Darryl Stonum played for Michigan from 2008-10. (John T. Greilick / Detroit News)
Pontiac — A former University of Michigan football player convicted of assaulting his girlfriend was sentenced Wednesday to three years of probation and 500 hours of community service.
Last month, an Oakland Circuit Court jury found Darryl Stonum, 24, guilty of two misdemeanor counts of domestic violence and one count of felonious assault.
Stonum, a former wide receiver at Michigan who spent the last 23 days in jail, apologized to the victim in court before Judge James Alexander chastised him during the sentencing.
“You had it all,” said Alexander, shaking his head in disbelief. “The taxpayers have paid a lot of money for you. ... A football player beating up a woman is ridiculous.”
During Stonum’s trial, jurors heard his ex-girlfriend testify about physical abuse during the couple’s two-year relationship in Michigan, then Texas and then back to Michigan when the final incidents occurred at a Southfield apartment in September and October 2013. The woman jumped a fence and hid in woods outside the apartment after Stonum threatened her with a hammer and a knife.
Stonum played for Michigan between 2008 and 2010 but left the team and school after being found in violation of team rules.
The woman moved with Stonum, a Texas native, after he transferred to Baylor University in that state. He followed her back to Michigan in 2013 after a domestic incident that went unreported in Texas, according to court records.
Alexander ordered Stonum not to possess drugs or alcohol or visit establishments that serve alcohol. Stonum also must be tested three times a week for substances.
Stonum told the courtroom he realizes he is “more than a football player” but hopes to someday coach or work with youth.

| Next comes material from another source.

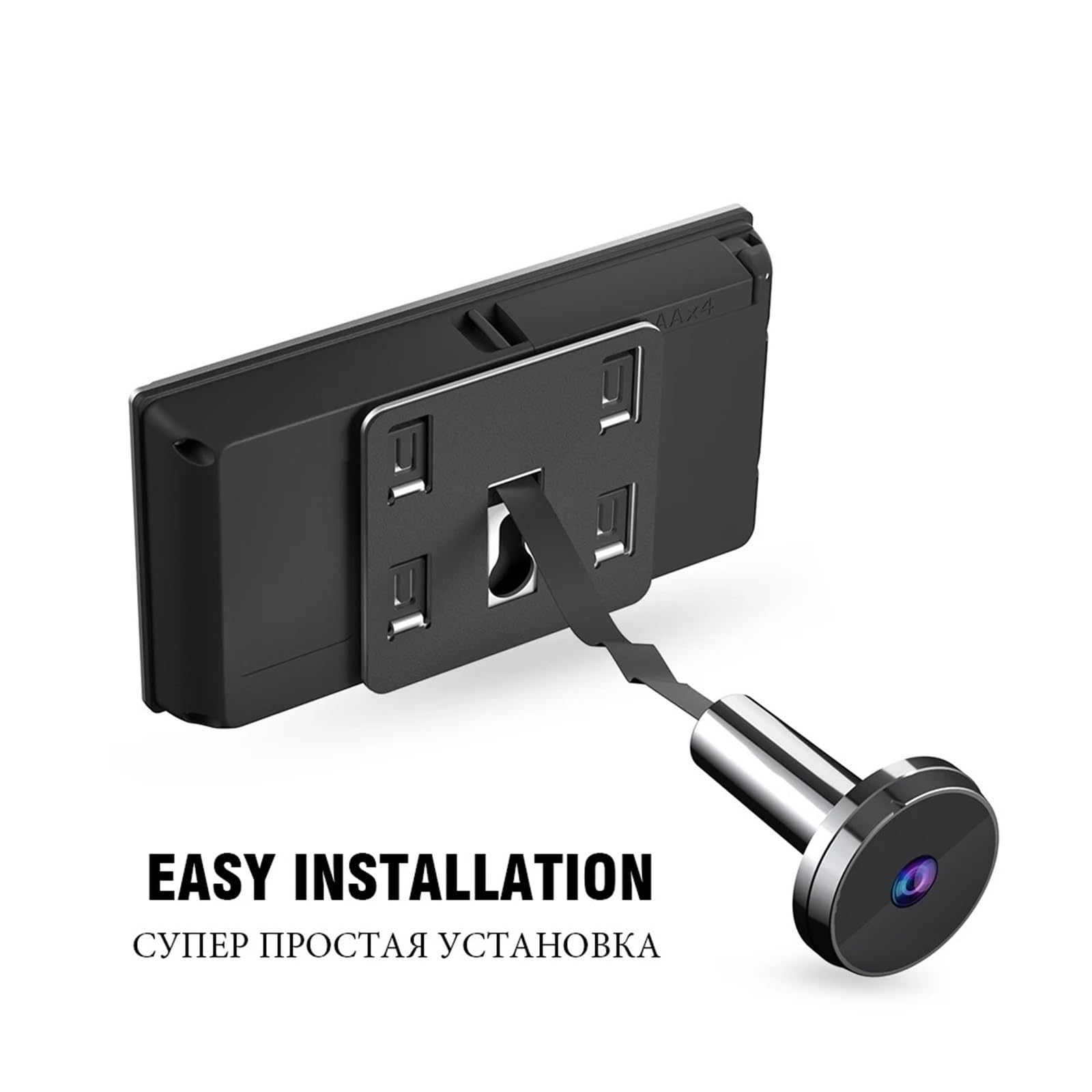 3.5" Digital Door Spioncino Camera Electronic Door Viewer Bell 120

Stonum faced a potential four years in prison for the assault charge but received consideration because he had no prior criminal record. The domestic violence offense is punishable by up to 93 days in jail.
Alexander ordered Stonum to serve 23 days in jail, with credit for time served and 500 hours of community service with Oakland Children Services. Stonum can have no contact with his ex-girlfriend and must pay nearly $3,000 in court costs, fines and medical bills.
Raymond Cassar, Stonum’s attorney, asked Alexander to permit Stonum to serve out his probation period and conditions in his native Texas.
Alexander said he would not even consider the request until community service was completed and fines paid but he was doubtful “Texas wants our problems.”